Indiana Jones’ Guide to Making Choices

Making choices is not an easy thing.

In an attempt to “sort everything”, one starts to pull on a thread, following its taunt, fragile line until the next thing you know, you now have a pile of thread at your feet and an even bigger entanglement than before.   If there are other people in the mix, chances are they’re not going to regard that thread pile in a high light.  You’ll probably have to spend even more energy to convince them that the whole endeavor was a good idea to start with.

So how does this relate to history?

It’s easy to latch onto something you like–an idea, a sentence, or even a footnote–and try to following it to the source.  After all, getting back to the source is what good historians do, right?  Like Indiana Jones, they’re on a quest to get to the bottom of it.

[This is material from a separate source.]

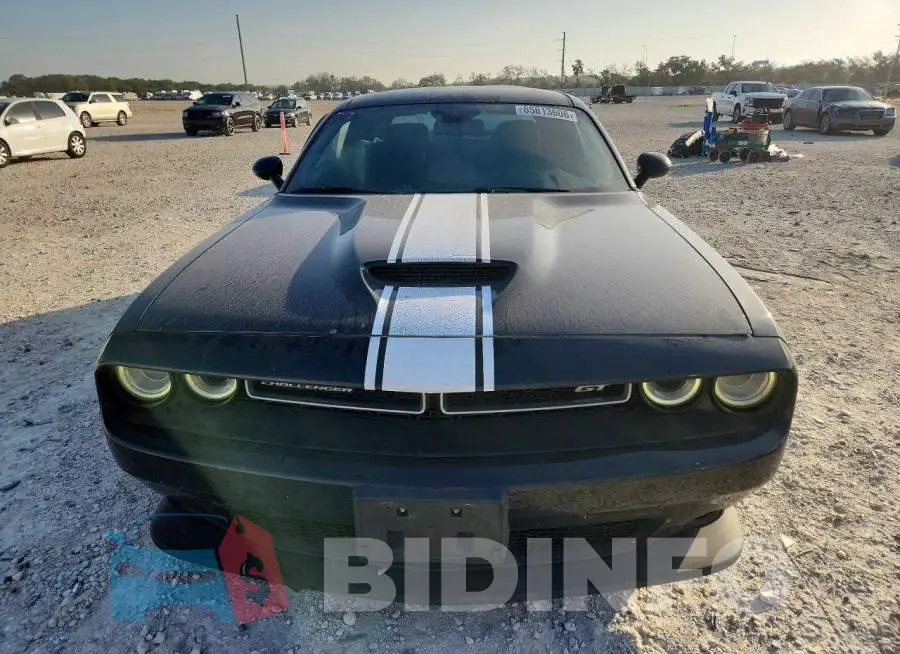 2C3CDZJG2KH661548 Photo# 5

But, as Indy found out time and time again, the “bottom” one eventually encounters is often not a bottom or an end at all. It’s really just a pause.  For instance,  once Indy found the Holy Grail, it turns out that it wasn’t what was important or relevant at all; rather it was his father.  He had to make a choice to use the Grail for himself–and seek the glory and alleged immortality that came with it–or use it the way it was intended, namely to bestow the gift of life on someone other than himself.  That was the real find at the end, not the item itself.

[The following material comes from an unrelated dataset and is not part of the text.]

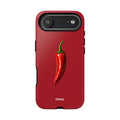 Hot Cherry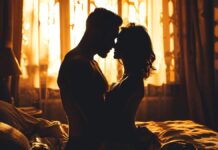6 intimnih tajni muškarca koje svaka žena treba da zna 6 intimnih tajni muškarca koje svaka žena treba da zna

I find that I’m often at fault for viewing history as more of the former than the latter.  In an (possibly misguided) attempted to justify to both myself and others for the choices I make, I frame the pursuit of history as a means of achieving something “lost”.  Admittedly, I haven’t posted much here because I feel that I need to have something to “show”, some fact or some bit of information.

Yet the word “history”–and by extension, the discipline–doesn’t mean “to show”; rather it means “to inquire”.  Sure, “showing” is an aspect of “inquiry”–it’s hard to inquire about something if you first don’t lay out where it is you’re starting from–but that’s not the end result.  It’s not a thing, but rather a process aimed at helping you acquire greater knowledge.

There I go again about gaining more for personal glory; sorry about that.

So here’s a choice that historians have to make:  will I use my powers for good or for evil?  That is, will I pursue my interests, will I follow that thread and seek to unravel the fabric of time, space, and place so that I know what happened–and can feel superior? Penelope Trunk would argue that this is no way to grow a career.

Or will I be more careful in choosing which threads to unravel?  Will I look at the larger world around me and use its parameters to help answer the question of what to study?

Right now, there’s a whole lot of talk going on about the idea that America needs to “get back to its roots“; as such, it might be a good idea to focus one’s attention on what exactly those roots were, how people have interpreted them over the centuries, and what that mean’s for today.  Ditto for religion.

With that in mind, what choices will I make?